Exploring Neo4j Spatial: Installation, Data Loading, and Simple Querying

Product Manager, Neo4j

July 23, 2025

10 min read

Introduction

The common division of responsibility between graph databases and GIS platforms limits the ability to exploit the full power of graph databases and graph query languages like Cypher to effectively explore relationships that involve both geospatial and non-geospatial relationships.

This series of blogs covers:

Installation, data loading, and simple querying
Layer management, spatial filtering, and intersection
Path intersections using Automatic Identification System (AIS) data
Custom procedures for spatial analysis

In this first blog, I’ll look at Neo4j Spatial and explore how effective it can be in integrating spatial analytics into Cypher graph queries.

Background

Conceptually, graph databases and geospatial analysis are a natural fit, as both focus on the relationships and connectivity between data points. In geospatial analysis, we’re often interested not just in where things are but how they relate to each other — adjacency, containment, proximity, movement through space, networks (like roads, rivers, pipelines, or flight paths).

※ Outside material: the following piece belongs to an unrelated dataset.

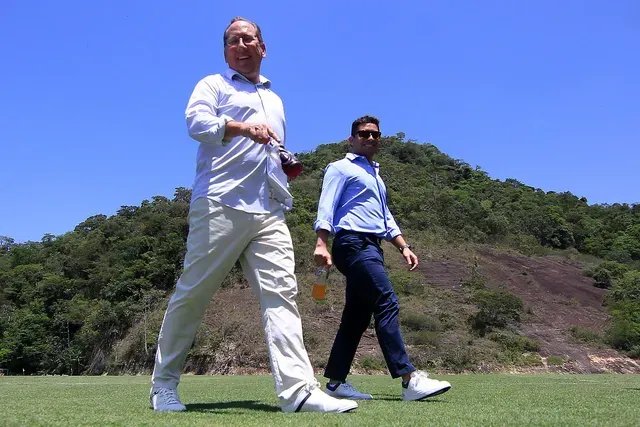 John Textor com Thairo Arruda no CT Lonier — Foto: Vítor Silva/Botafogo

Neo4j is built to efficiently model and query these kinds of connections. Every node (representing a place, object, or event) and every relationship (like crosses, adjacent to, within, near) can be stored explicitly and queried flexibly. This means you can easily ask complex questions with much less overhead than traditional relational or GIS databases, which typically aren’t optimized for deep relationship traversal.

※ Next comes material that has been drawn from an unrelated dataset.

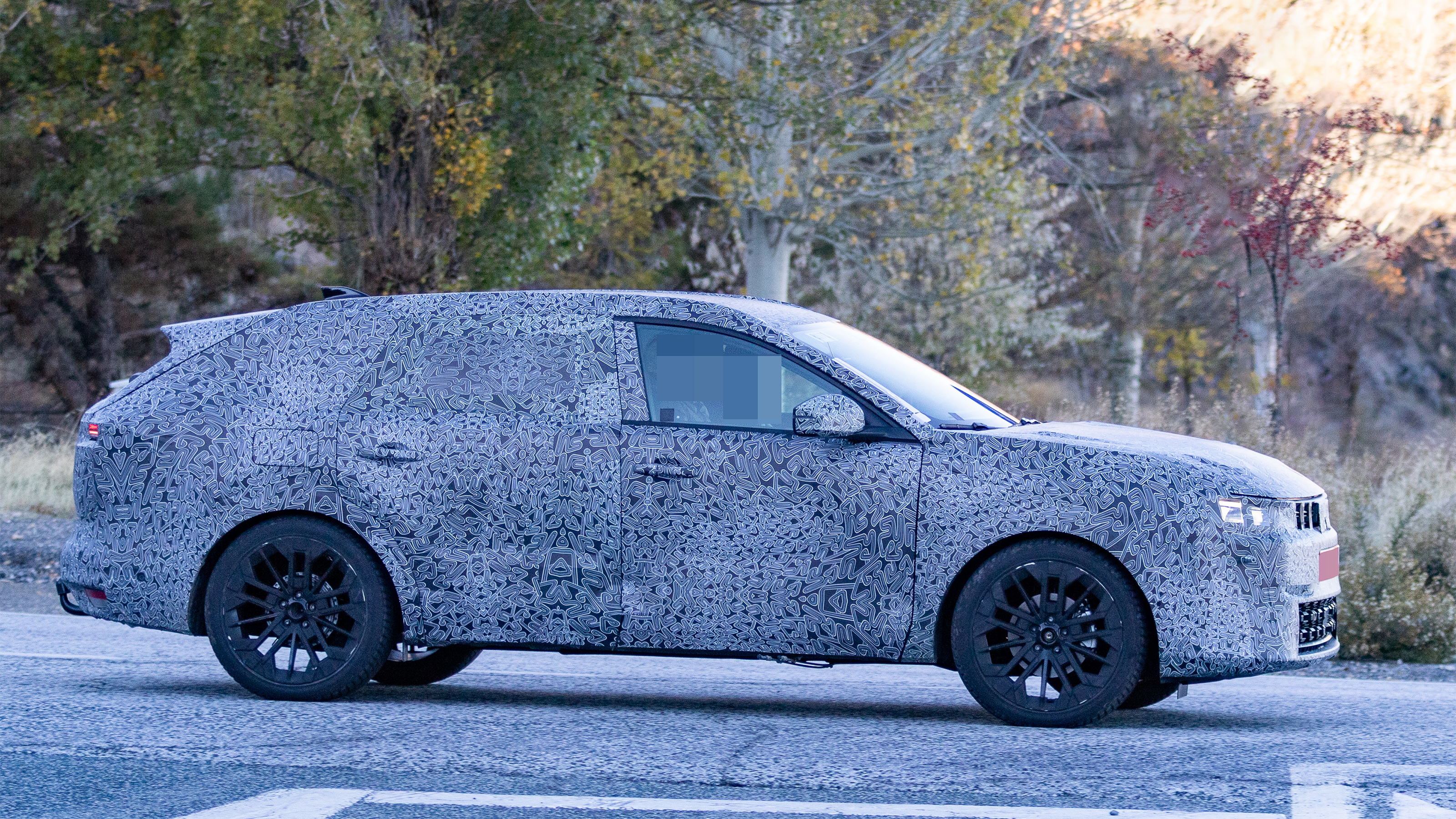 Dacia C-Neo - side profile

Despite this strong conceptual alignment, geospatial analysis is often conducted outside of Neo4j using dedicated GIS tools — with the graph database reserved for primarily non-spatial operations. This separation is unfortunate. Moving data back and forth between systems can introduce inefficiencies, delays, and opportunities for inconsistency. More importantly, keeping spatial and non-spatial analysis apart means missing out on the full power of graph queries — where spatial relationships (like proximity or containment) can be combined directly with non-spatial patterns (such as financial transactions, communication links, or organizational hierarchies) to uncover deeper insights.

By bringing geospatial and non-geospatial data together in the same graph, analysts can ask much richer questions. For example, we might think about the sort of complex questions an analyst working in maritime security and fraud detection might need to ask — perhaps looking at illicit behaviors like illegal oil transfers, smuggling, sanction evasion, or money laundering.

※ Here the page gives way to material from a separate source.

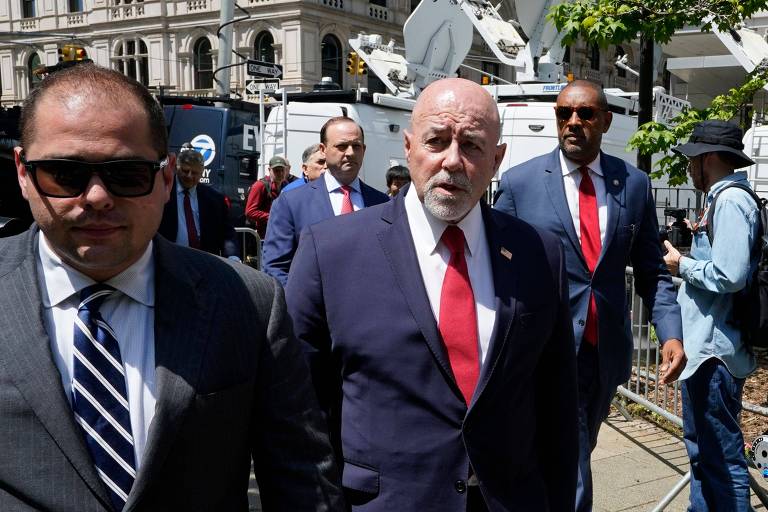 Bernard Kerik, ex-chefe da polícia de NY perdoado por Trump, morre aos 69 anos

Graph databases are widely used to uncover hidden patterns, such as non-obvious financial relationships, vessel ownership hidden via offshore companies, or payments routed through multiple banks. However, maritime security analysts might typically also want to ask questions of the data that are explicitly geospatial. For example, to detect:

Anomalous movement patterns (such as circling, loitering, unusual speed changes)
Identify spoofing (anomalous position, duplicate transmissions)
Zone intrusion (vessels straying into marine protected areas, no-fishing zones)
Unusual shipping routes (non-standard routes between ports, avoidance of main shipping lanes)
Dark activity (AIS transponder gaps)
Illegal refueling (detected by long proximity events between vessels)

Neo4j and Geospatial

Neo4j’s core geospatial capabilities are built into the database natively, without needing a separate plugin. These capabilities mainly focus on working with points (latitude/longitude, as well as Cartesian coordinates), distance calculations, and basic spatial predicates inside Cypher. Neo4j doesn’t natively support other geometry types (lines and polygons for example), or non-geographic coordinate reference systems. To work with these data types, and to perform more sophisticated geospatial graph analysis, we must turn to Neo4j Spatial.

Neo4j Spatial originated in 2010 as an open-source extension to add geospatial capabilities to Neo4j. Developed primarily by Craig Taverner and contributors, it allowed users to model and query spatial data (points, lines, polygons) directly inside Neo4j using spatial indexes, inspired by GIS systems. The plugin has recently been ported to work with Neo4j 5.x, and a 2025.x release is pending.

Neo4j Spatial Steps

In this first part of the series, I begin with the basics — simply loading some polygon data into Neo4j. The sample data for all the examples is on GitHub. This is a multi-part ZIP archive, so you’ll need a tool to extract the contents.

Installation

To start, we need to install the plugin. You can download the latest version on GitHub. You’ll need the one named neo4j-spatial-x.xx.x-server-plugin.jar. Make sure to download the file appropriate to the version of Neo4j you’re running. The plugin is periodically updated, and the most recent version at the time of writing is neo4j-spatial-5.26.0-server-plugin.jar, which targets the Neo4j server release 5.26 (Long-Term Support version).

Copy the plugin into your database plugins folder, then update the neo4j.conf file to whitelist the spatial procedures. You do this by appending spatial.* to the config setting dbms.security.procedures.unrestricted and (only if it is set) to dbms.security.procedures.allowlist. Then restart Neo4j for these changes to take effect. Test that the plugin has loaded correctly:

SHOW PROCEDURES where name STARTS WITH "spatial."

Layers

The spatial plugin borrows the idea of geospatial layers from GIS applications. A layer can hold data of only one spatial type, such as point, linestring, polygon, or multipolygon.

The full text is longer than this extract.